▶ **YOUR TASK**: From the line containing "Fishing Harbour of" through the last line of the data, both ends included, write out every line exactly; omit the pictures.

▶ **MATERIAL FOR THE TASK**:
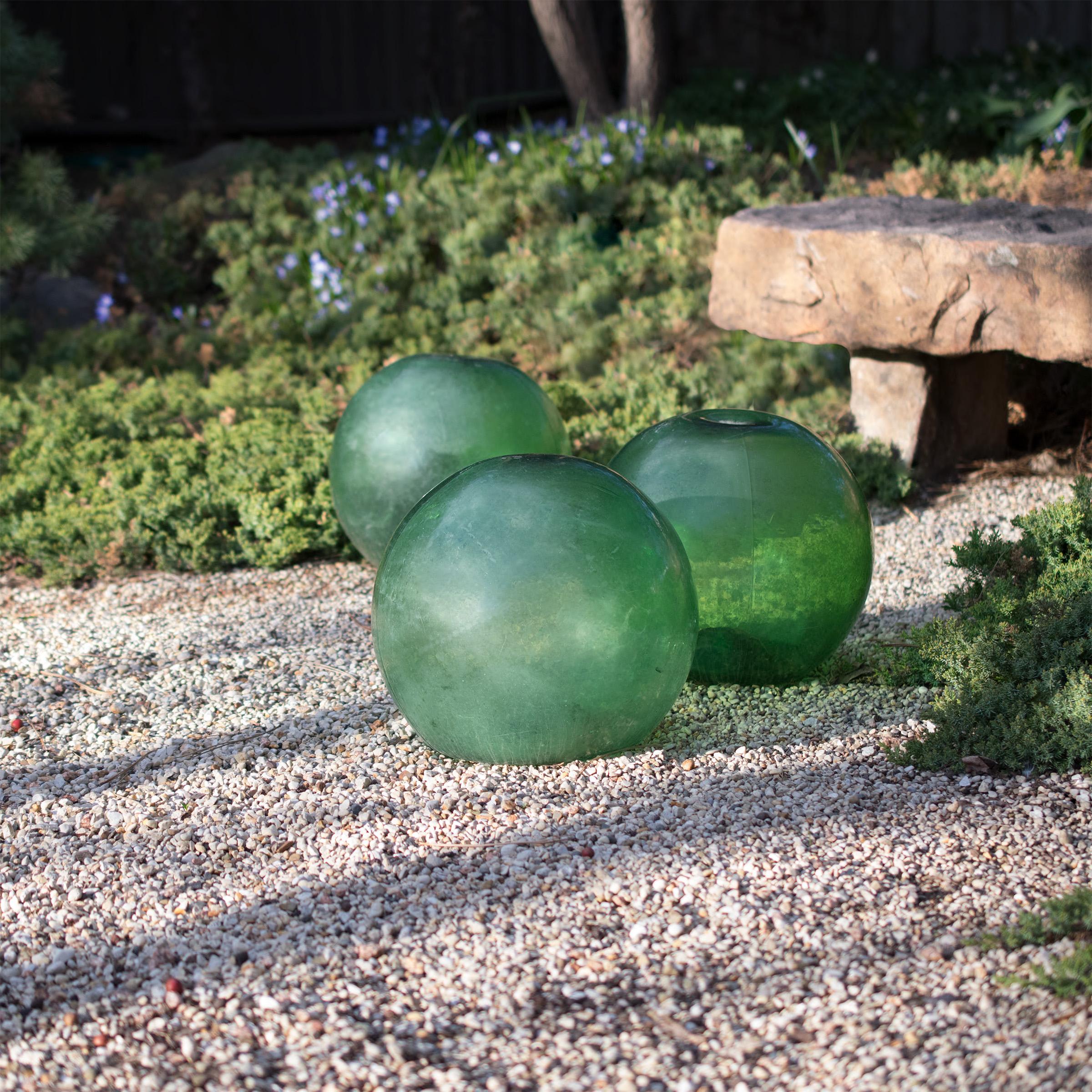 Chinese Green Glass Fisherman’s Float, C. 1900 For Sale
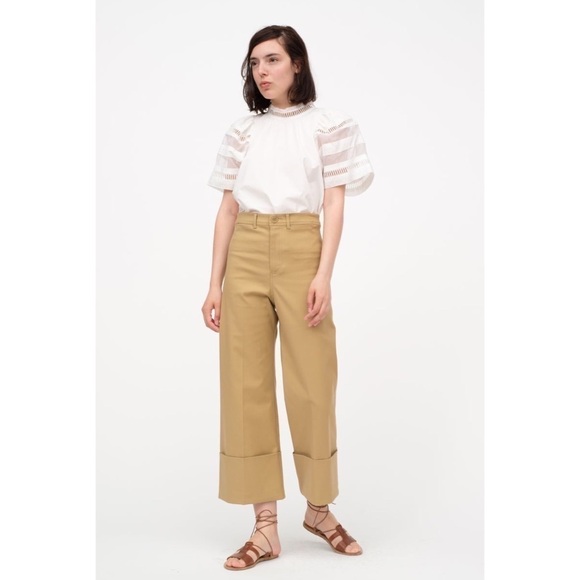 SEA NEW YORK High Rise Wide Leg Oversize-Cuff Crop Linen Blend Khaki Trousers 4 - Picture 1 of 7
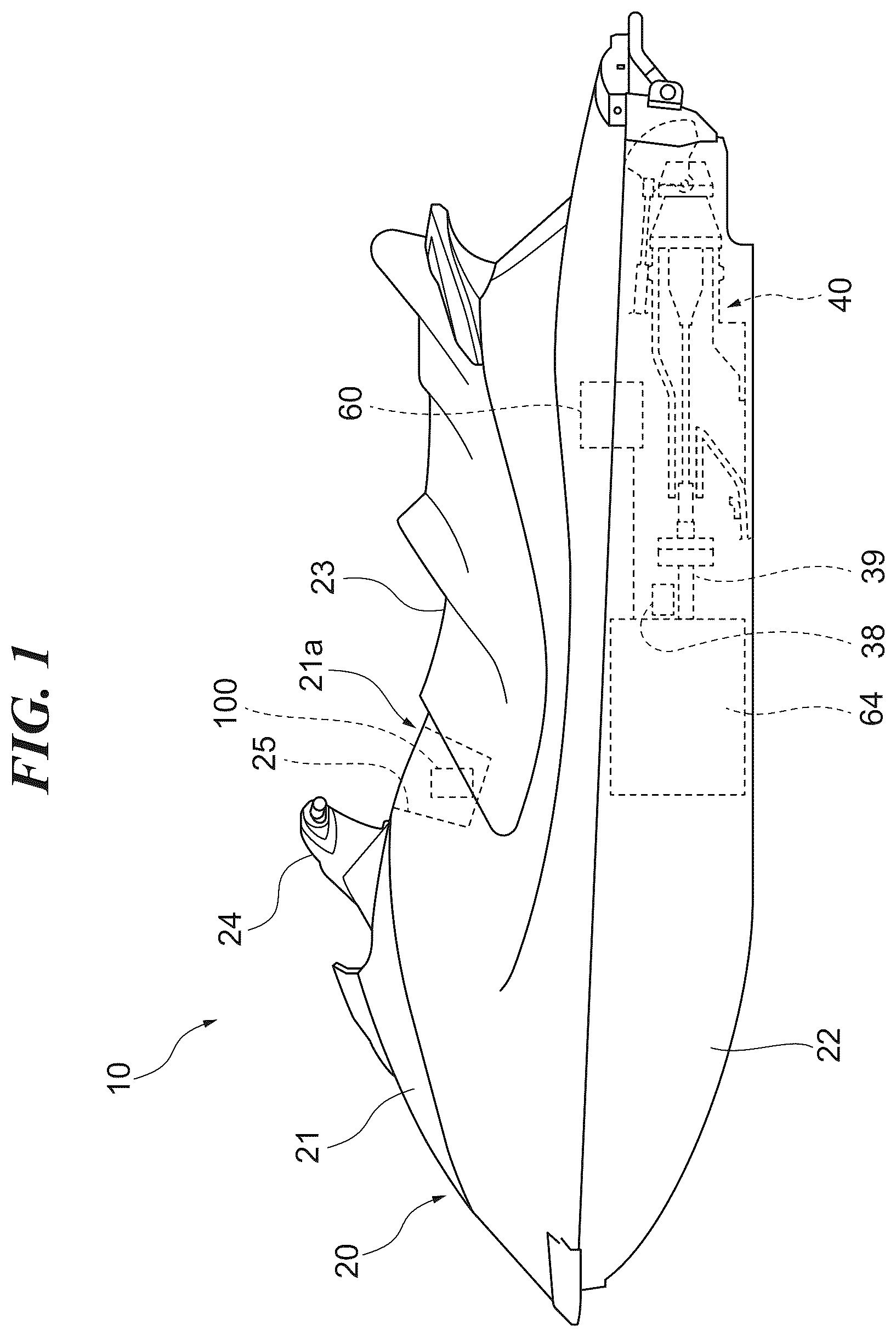 Patent US12319394 — Control device of marine vessel, control system of marine vessel, and marine vessel — Figure 1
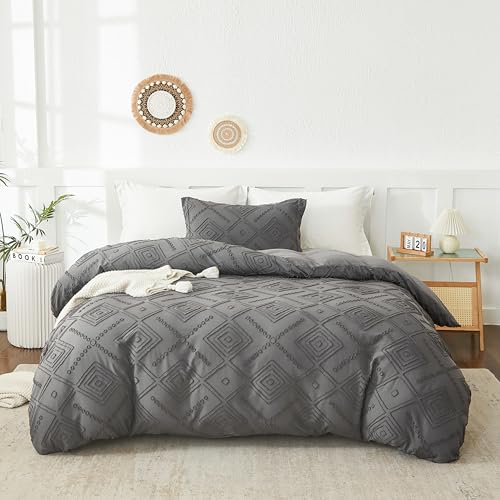 EMME Bettwätsche-Set 200x200 cm Boho mit 2 Kissenbezug 80x80cm, Dunkelgrau Getuftete Mikrofaser Bettwäsche mit Boho-Stickerei, Ganzjahres-Bettbezug, Atmungsaktiv & Pflegeleich EMME Bettwätsche-Set 200x200 cm Boho mit 2 Kissenbezug 80x80cm, Dunkelgrau Getuftete Mikrofaser Bettwäsche mit Boho-Stickerei, Ganzjahres-Bettbezug, Atmungsaktiv & Pflegeleich von EMME
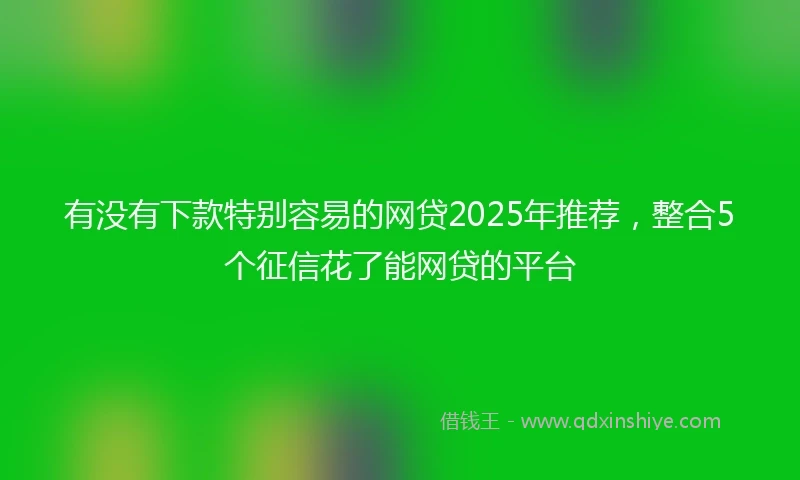 有没有下款特别容易的网贷2025年推荐，整合5个征信花了能网贷的平台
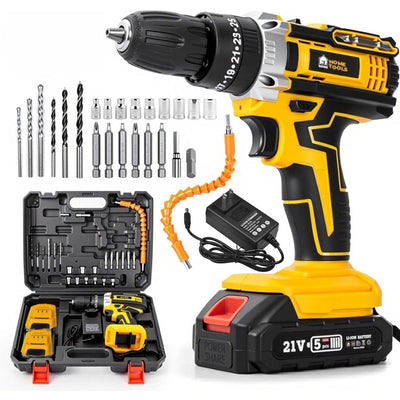 מברגה ומקדחה נטענת רוטטת 21V מבית HOME TOOLS HANDYMAN הכוללת סט 24 חלקים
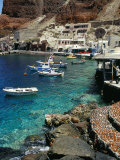 Fishing Harbour of Oia Village, Port of Ammoudi, Oia, Santorini (Thira), Cyclades Islands, Greece Photographic Print by Marco Simoni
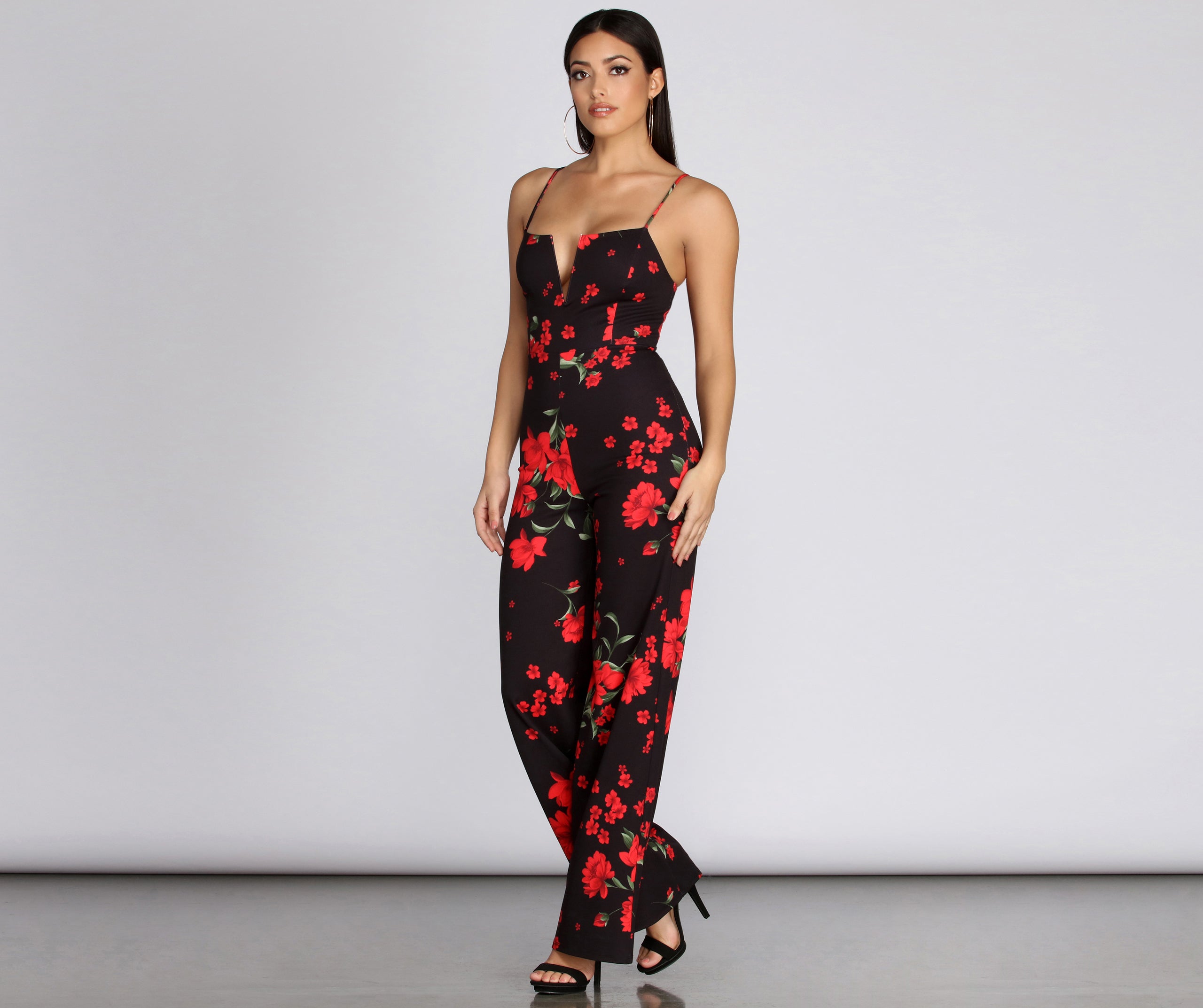 Floral Feeling V Wire Jumpsuit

▶ **REPLY TO THE EXERCISE**:
 Fishing Harbour of Oia Village, Port of Ammoudi, Oia, Santorini (Thira), Cyclades Islands, Greece Photographic Print by Marco Simoni
 Floral Feeling V Wire Jumpsuit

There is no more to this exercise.